WORK INSTRUCTION>
Once the line with "Neon Compass: A" is found, write it out along with every line after it, exactly, up to the last line of the entries below. Exclude pictures.

(Brief descriptive captions)
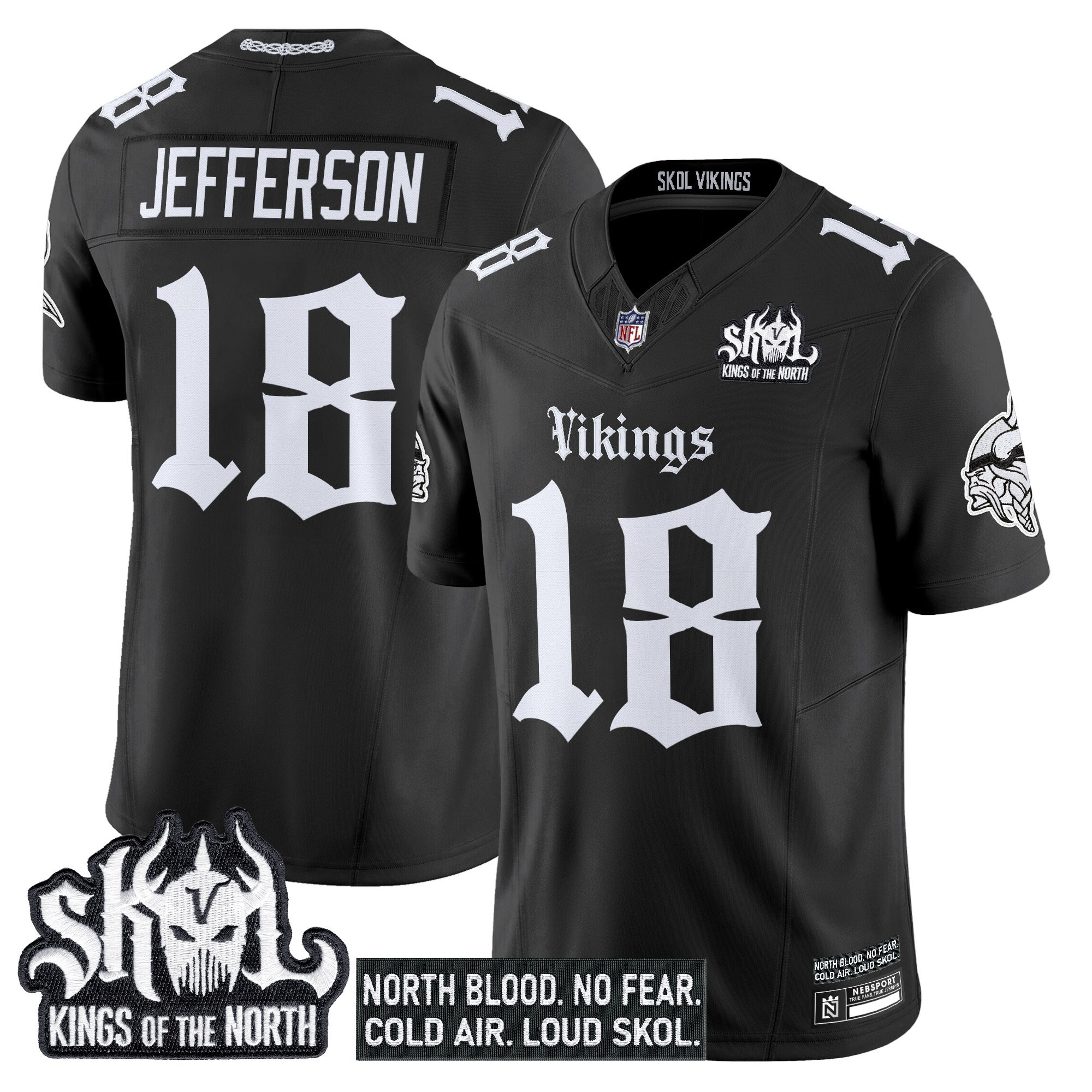 Justin Jefferson Men's Minnesota Vikings Gothic Norseblood Edition Vapor Limited Black Jersey - All Stitched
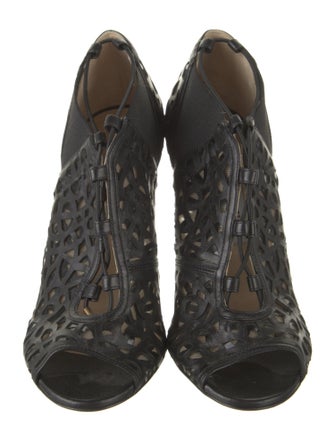 Jimmy Choo Leather Mesh Accents Pumps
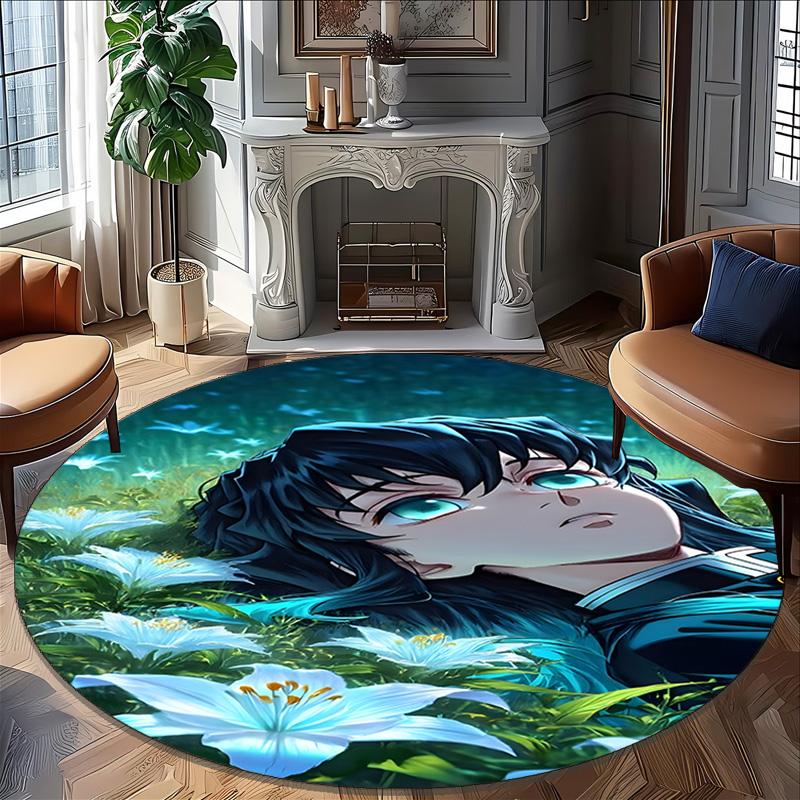 1pc Demon Slayer4 Print Round Carpet Chair Round Carpet Suitable for Bedroom Living Room Home Decorative Carpet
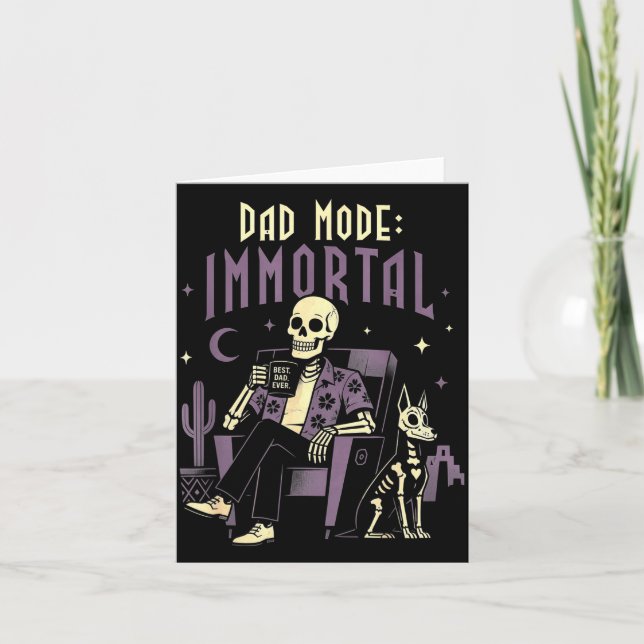 Pappamodus odödlig skelett halloween pappa kort (Framsida)
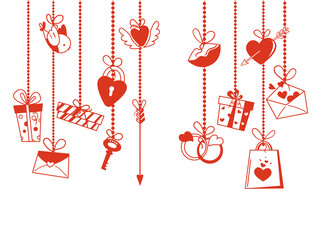 Valentine's day. Background with hanging cute elements. Vector illustration.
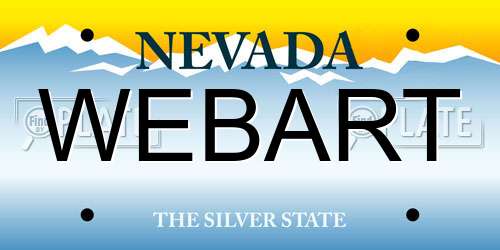 WEBART Nevada License Plate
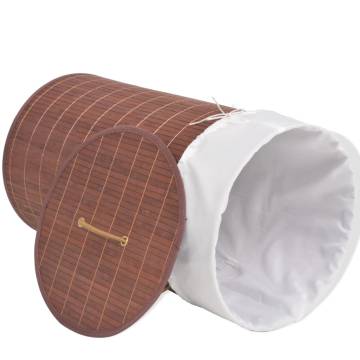 Bamboo Laundry Bin Round Brown - Stylish Storage Solution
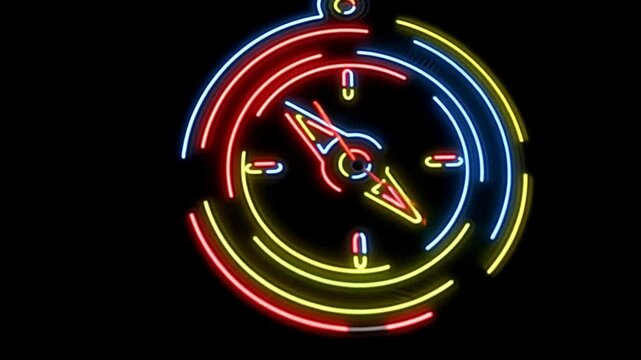 Neon Compass: A vibrant symbol of direction and adventure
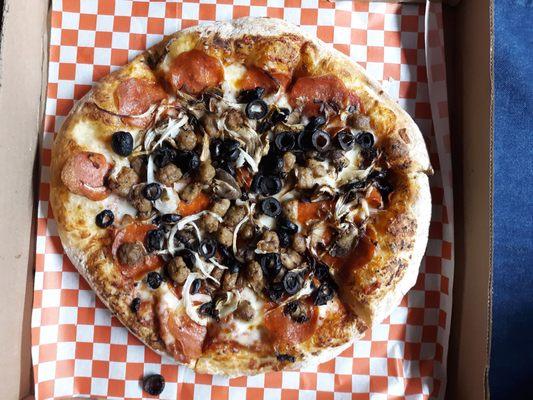 Small pizza. (Look at all those toppings!!)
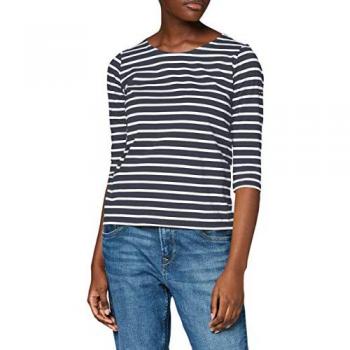 Armor-Lux Coz Women's Striped Sailboat T-Shirt, Multicolor (Rich Navy/White), 4X-Large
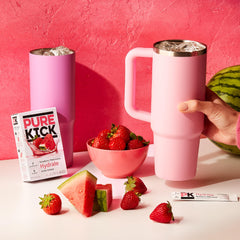 PURE KICK mixed drink in bottle demonstrating refreshing flavored hydration benefit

YOUR SOLUTION>
 Neon Compass: A vibrant symbol of direction and adventure
 Small pizza. (Look at all those toppings!!)
 Armor-Lux Coz Women's Striped Sailboat T-Shirt, Multicolor (Rich Navy/White), 4X-Large
 PURE KICK mixed drink in bottle demonstrating refreshing flavored hydration benefit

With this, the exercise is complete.